TRANSMITINDO O MISTÉRIO DE CRISTO
Quando o tempo começou, a Palavra estava lá e a Palavra estava face a face com Deus, e a Palavra era Deus. Quando o tempo começou, esta Palavra estava face a face com Deus. Todas as coisas surgiram através Dele e sem Ele não houve uma coisa que tenha surgido. Nele estava a vida e a vida era a luz da humanidade. A luz brilha na escuridão e a escuridão não se agarrou a ela.

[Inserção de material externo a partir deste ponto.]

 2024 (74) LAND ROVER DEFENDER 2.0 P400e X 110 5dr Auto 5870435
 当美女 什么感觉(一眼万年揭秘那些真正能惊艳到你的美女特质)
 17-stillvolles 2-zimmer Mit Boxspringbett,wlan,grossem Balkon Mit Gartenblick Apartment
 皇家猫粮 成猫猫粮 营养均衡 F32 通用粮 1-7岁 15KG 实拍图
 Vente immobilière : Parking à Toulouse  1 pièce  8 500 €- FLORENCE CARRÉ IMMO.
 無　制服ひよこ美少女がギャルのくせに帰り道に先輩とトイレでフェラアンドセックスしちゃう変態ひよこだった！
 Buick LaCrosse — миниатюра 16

Veio ao local um homem, um mensageiro de Deus cujo nome era João. Este homem veio para dar testemunho em nome da luz que todos poderiam acreditar através dele. Ele não era ele mesmo a luz; ele deveria apenas testemunhar em nome da luz.
Enquanto isso, a verdadeira luz que iluminava a todos estava fazendo sua entrada no mundo. Ele estava no mundo e o mundo veio a ser por Ele, e o mundo não O reconheceu. Ele entrou em sua casa e seu próprio povo não O acolheu. Mas a tantos quantos o receberam, ele deu o poder de se tornar filho de Deus. Estes são aqueles que acreditam em seu nome, que não nascem do sangue ou do desejo carnal ou da vontade do homem. Não, eles nascem de Deus. E a Palavra se tornou um ser humano e viveu entre nós, e nós olhamos para Sua glória, uma glória tal que convém ao Filho unigênito do Pai, cheio de graça e de verdade. [João 1:1-14].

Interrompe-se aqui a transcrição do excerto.